I downloaded images to help visualize the text in the Lao reader. They were easy to find. Kids are throwing their notebooks into the air with joy and dashing out the school. “The last day of school!” Then I was corrected. I was told that the last day of school comes with a bit of sadness. Summer vacation is not something to leap in the air about.
It’s mid-July and we’re doing a special session at a rural school. I didn’t hear any village loudspeakers making the announcement but by 7:00 AM steady streams of children are heading to school. In a land where 8:00 means 9:00, I’m astounded to see children coming to school an hour early. They’re wearing their uniforms, which are perfectly ripped, wrinkled and soiled just as I remember them in May. It’s very possible that the uniforms have been carefully stashed away in their miserable states. One boy has the red sash tied around the collar and the effort is almost heart wrenching. For whatever reason it may be, these kids want to go to school.
They happily jostle for a bench to share with their friend and then settle down to concentrate the best that they can. The chorused response is loud enough to create the illusion of a functioning class, but I suspect otherwise. Mouths are not moving in synch, but with a micro-time lapse that follows the lead of the few students who can answer. One girl can’t take advantage of the time-lapse. She seems lost, not because she doesn’t understand the lesson, but because she doesn’t understand what one is supposed to do in a school. It is that bewildering.
Even older students can’t answer simple questions. “Are you going to continue to secondary school next year?” At best, they nervously giggle, but the feeling is that there is no shared language be it Lao, Khmu or Hmong. They are chronically shy and cannot even nod or shake their heads. Maybe they’ve never been asked personal questions like this before.

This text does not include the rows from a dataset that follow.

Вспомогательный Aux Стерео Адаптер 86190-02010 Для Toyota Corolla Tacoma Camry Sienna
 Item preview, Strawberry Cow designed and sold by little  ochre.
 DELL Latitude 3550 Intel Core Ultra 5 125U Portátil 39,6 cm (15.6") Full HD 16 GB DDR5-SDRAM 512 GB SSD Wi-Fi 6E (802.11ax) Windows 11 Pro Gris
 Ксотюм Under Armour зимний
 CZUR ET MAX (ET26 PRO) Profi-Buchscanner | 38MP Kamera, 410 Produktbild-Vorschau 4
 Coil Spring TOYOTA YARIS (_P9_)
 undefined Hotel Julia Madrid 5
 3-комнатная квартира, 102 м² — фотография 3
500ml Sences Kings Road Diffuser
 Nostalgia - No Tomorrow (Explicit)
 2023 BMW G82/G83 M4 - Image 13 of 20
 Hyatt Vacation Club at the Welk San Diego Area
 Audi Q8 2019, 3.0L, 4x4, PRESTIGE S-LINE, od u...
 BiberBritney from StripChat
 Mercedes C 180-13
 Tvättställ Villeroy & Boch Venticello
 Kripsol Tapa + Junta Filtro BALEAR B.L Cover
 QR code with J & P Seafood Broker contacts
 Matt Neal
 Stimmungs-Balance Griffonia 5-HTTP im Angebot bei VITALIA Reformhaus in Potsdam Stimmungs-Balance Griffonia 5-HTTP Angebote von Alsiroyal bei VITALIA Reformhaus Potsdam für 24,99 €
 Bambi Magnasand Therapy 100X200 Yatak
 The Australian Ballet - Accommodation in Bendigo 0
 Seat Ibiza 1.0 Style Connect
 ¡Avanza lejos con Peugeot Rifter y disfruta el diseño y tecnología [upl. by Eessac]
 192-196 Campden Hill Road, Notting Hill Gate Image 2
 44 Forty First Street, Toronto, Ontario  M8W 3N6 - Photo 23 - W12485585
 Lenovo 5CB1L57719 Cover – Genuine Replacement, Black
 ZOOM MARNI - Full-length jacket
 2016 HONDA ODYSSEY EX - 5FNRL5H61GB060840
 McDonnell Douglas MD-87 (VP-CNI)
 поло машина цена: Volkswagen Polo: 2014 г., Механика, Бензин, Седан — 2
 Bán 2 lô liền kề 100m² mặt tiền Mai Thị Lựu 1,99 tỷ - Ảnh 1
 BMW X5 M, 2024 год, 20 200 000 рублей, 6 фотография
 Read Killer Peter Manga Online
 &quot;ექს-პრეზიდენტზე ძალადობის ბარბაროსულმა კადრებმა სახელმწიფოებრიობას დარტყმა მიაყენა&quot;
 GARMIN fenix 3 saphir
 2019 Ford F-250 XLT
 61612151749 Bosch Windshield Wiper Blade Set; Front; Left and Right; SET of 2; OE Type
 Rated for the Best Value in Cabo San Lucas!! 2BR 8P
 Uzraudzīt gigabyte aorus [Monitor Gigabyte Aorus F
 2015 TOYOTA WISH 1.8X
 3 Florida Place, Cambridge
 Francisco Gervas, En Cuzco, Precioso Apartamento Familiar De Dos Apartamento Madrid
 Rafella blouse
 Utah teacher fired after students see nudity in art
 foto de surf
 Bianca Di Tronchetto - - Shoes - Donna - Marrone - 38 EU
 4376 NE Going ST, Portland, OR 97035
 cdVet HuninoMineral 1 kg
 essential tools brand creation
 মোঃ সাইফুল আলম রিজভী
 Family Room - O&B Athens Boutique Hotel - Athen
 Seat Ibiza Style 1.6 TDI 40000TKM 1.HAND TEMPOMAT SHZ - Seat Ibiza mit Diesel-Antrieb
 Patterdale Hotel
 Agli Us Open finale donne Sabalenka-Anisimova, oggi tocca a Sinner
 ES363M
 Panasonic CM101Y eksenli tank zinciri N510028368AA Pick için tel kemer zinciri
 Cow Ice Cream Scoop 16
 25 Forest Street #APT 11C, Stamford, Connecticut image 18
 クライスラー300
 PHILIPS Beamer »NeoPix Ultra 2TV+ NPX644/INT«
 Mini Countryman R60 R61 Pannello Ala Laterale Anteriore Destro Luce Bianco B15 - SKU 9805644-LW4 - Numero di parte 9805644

They’re best at songs. They remember them quickly and fill their lungs with air to belt them out with big smiles. They’re worst at writing, so bad that even a foreigner can see the mistakes. The ethnic minority kids are at a particular disadvantage because the complicated system of tones has never really been explained to them. Throw in some dialects, inconsistent pronunciation among teachers and the fact that they don’t hear Lao in daily lives and it really gets hard.
We finish teaching and I feel like they’ve learned a lot in a few hours. I’ve learned a lot too and can’t really swallow the realities of how difficult it is for them to get an education. They pour out of the school and file home but within minutes appear again dressed for work on the farm. I can see the cornfields halfway up the mountains, half enshrouded in clouds and way too far for a child to climb to. The sticky ankle-deep mud makes it all the more impossible. No beach picnics. No trips to Yellowstone. They look forward to the day they can sing songs in a classroom again.